Van est un homme mort lorsque commence le récit. Ce sont des mémoires d'outre-tombe qu'il livre afin d'expliquer les raisons de son trépas. Il évoque son père vietnamien qui a abandonné femme et enfant pour un idéal révolutionnaire, sa mère qui s'est sacrifiée pour faire venir en France son fils unique pour qu'il ait un avenir, sa vie d'étudiant à Paris, la femme qu'il a épousée, la fille qu'ils ont eue ensemble. Il parle de ses incartades amoureuses aussi et surtout des trois femmes qui ont compté dans sa vie : sa fille, son épouse et la belle Ulma qui l'a littéralement ravi.
Afin de mieux comprendre qui fut Van, Linda Lê donne la parole aux survivantes et le récit alterne entre ces quatre voix : celle du mort et celles qui vont devoir apprendre à vivre sans lui.

Lou, sa femme, est directrice d'école. Sérieuse, organisée, elle s'est construite contre sa mère qui lui donnait toujours tort. Elle a fui la Bretagne pour venir étudier à Paris, elle a épousé un étranger, crime suprême aux yeux de sa génitrice et lorsque Van meurt, son rôle dans sa disparition est si grand qu'elle rédige ses confessions pour ne pas être anéantie par la culpabilité.

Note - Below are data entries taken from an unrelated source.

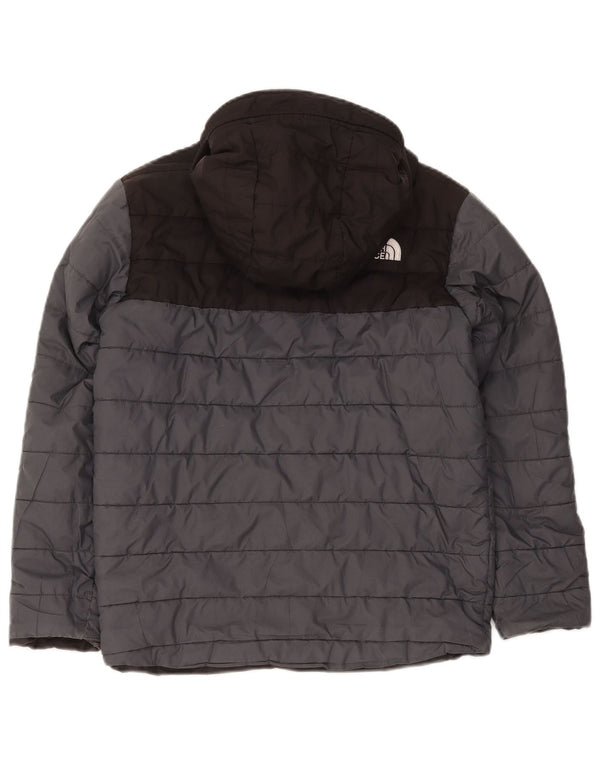 Стеганая куртка с капюшоном для мальчиков The North Face, 11-12 лет, серая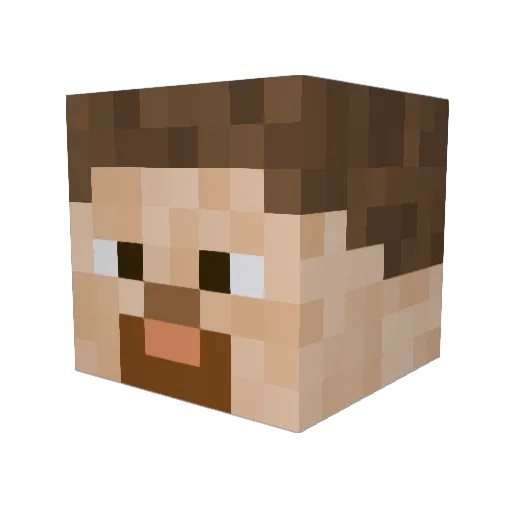 Lukee59 Minecraft avatar head, 3D render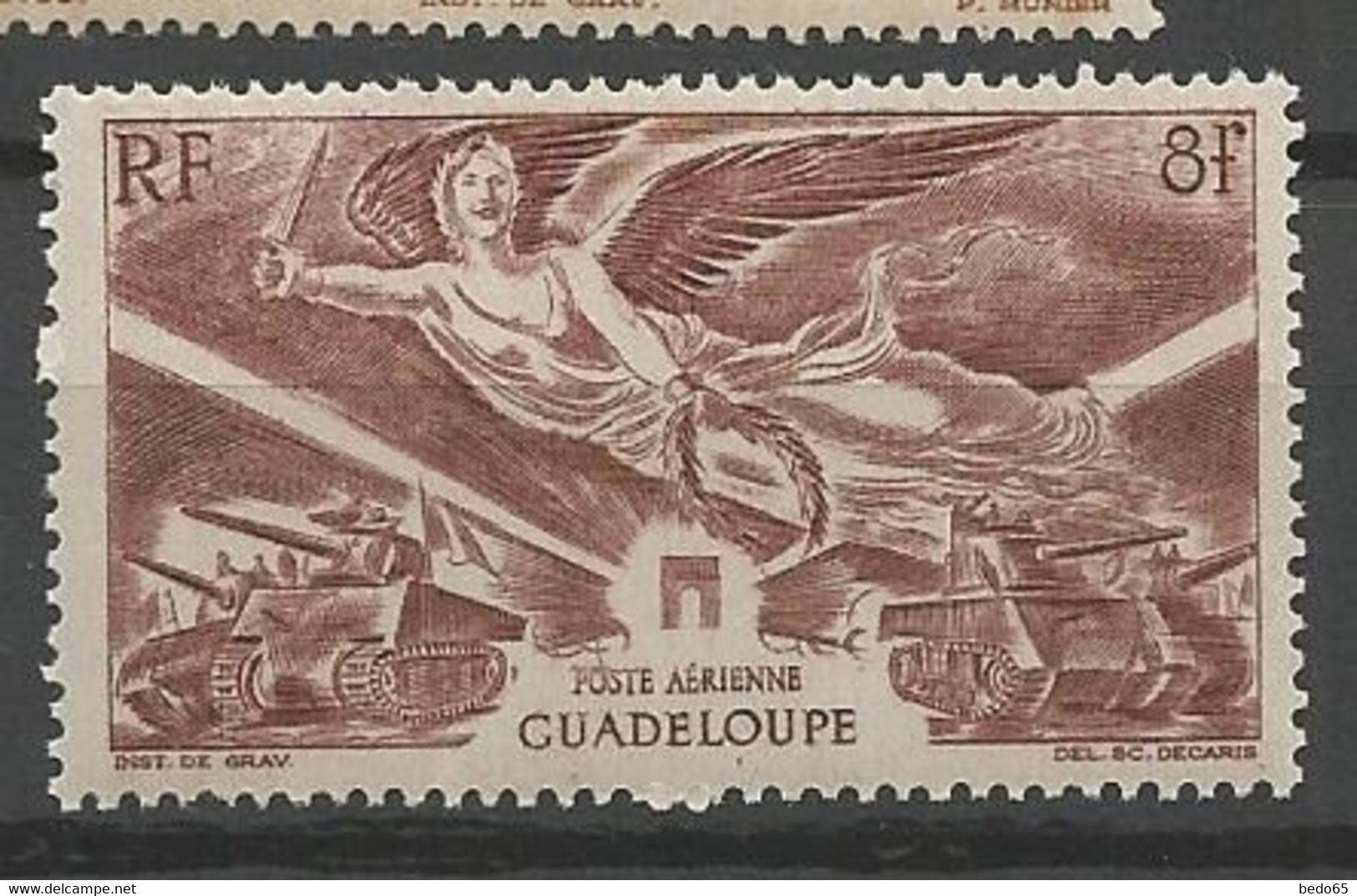 GUADELOUPE PA N° 6 NEUF**  Luxe SANS CHARNIERE / MNH - Aéreo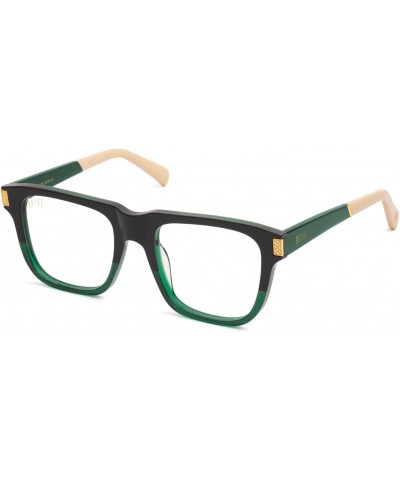 Ocean Tundra Green Clear Lens Glasses CR-39 | Fashionable Non-prescription Eyewear for Style and Clarity | Lightweight Frames...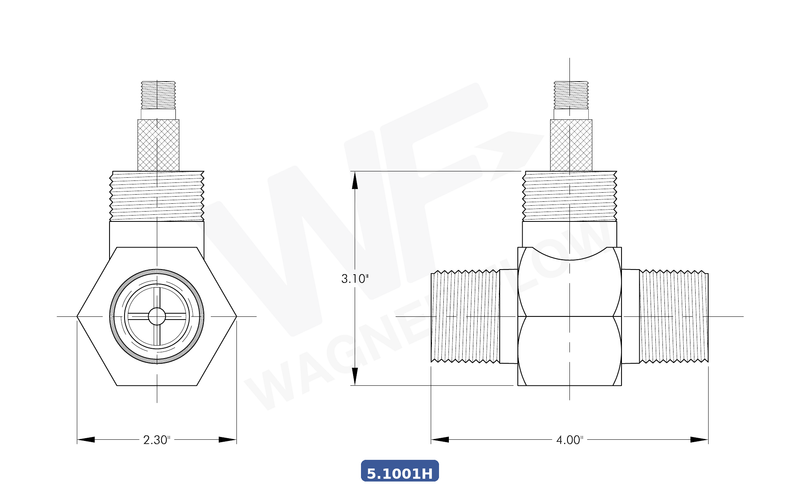 5-1001H - Wagner Flow Turbine Flow Meter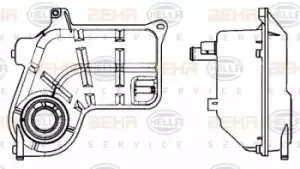 Image of x1 Behr Radiator Tank 8MA376702-514 Genuine replacement part for Car Made in CN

Laure, sa fille rebelle, regrette de ne pas avoir écouté davantage celui qu'elle trouvait vieux-jeu, de s'être disputé avec lui quelques jours avant sa disparition, de ne pas avoir lu les livres qu'il lui conseillait, écouté sa musique... alors elle s'épanche dans un journal pour exorciser ses souvenirs.

Et puis, il y a la mystérieuse Ulma, au passé si douloureux, abandonnée par sa mère, élevée par sa grand-mère. Elle écrit au docteur Sullivan une lettre qu'elle ne lui enverra jamais pour essayer de trouver des repères dans son existence qui vacille.

Il est question aussi, même si ce n'est pas le sujet principal du livre, de la France comme terre d'accueil et du regard porté par les étrangers sur la langue qu'ils veulent s'approprier : "Peut être les étrangers (j'en suis un), quand ils ont appris une langue non pas sur le tas mais en lisant des classiques, sont-ils plus sensibles à certaines tournures désuètes. Ils se figurent que dans leur bouche, elles ne paraissent pas anachroniques mais sont le sceau d'une acculturation réussie. Leur ramage dément leur faciès. Leur maîtrise des finesses de la langue d'adoption est la preuve par neuf d'un enracinement dans la terre d'asile."

On retrouve, dans ce nouveau roman de Linda Lê, le rythme si particulier de sa phrase, énumération, effet de liste : "Je n'ai rien changé dans la chambre, le secrétaire de Van est toujours là, avec le vide-poches, les piles de bouquins, le sous-main, l'ordinateur, les clés USB, le Robert, le Littré, le Gradus, les cahiers à spirale, l'agenda, l'étui à lunettes, les stylos rouges et bleus, les crayons en pagaille, le papier à lettres, les hebdos non lus, la cartouche de Camel, le cendrier marocain, le Zippo, la photo de Tchekhov épinglée sur l'abat-jour de la lampe art déco..."
Elle convoque les souvenirs et les laisse défiler pour créer une prosodie bien particulière. C'est comme si le roman entier n'était qu'une seule et même partition avec des variations de tons.
Comme son personnage principal, Linda Lê dépoussière les mots oubliés et c'est avec enchantement qu'on se promène au cœur de ses litanies où langue et musique se confondent.

Enora Bayec 
(01/10/12)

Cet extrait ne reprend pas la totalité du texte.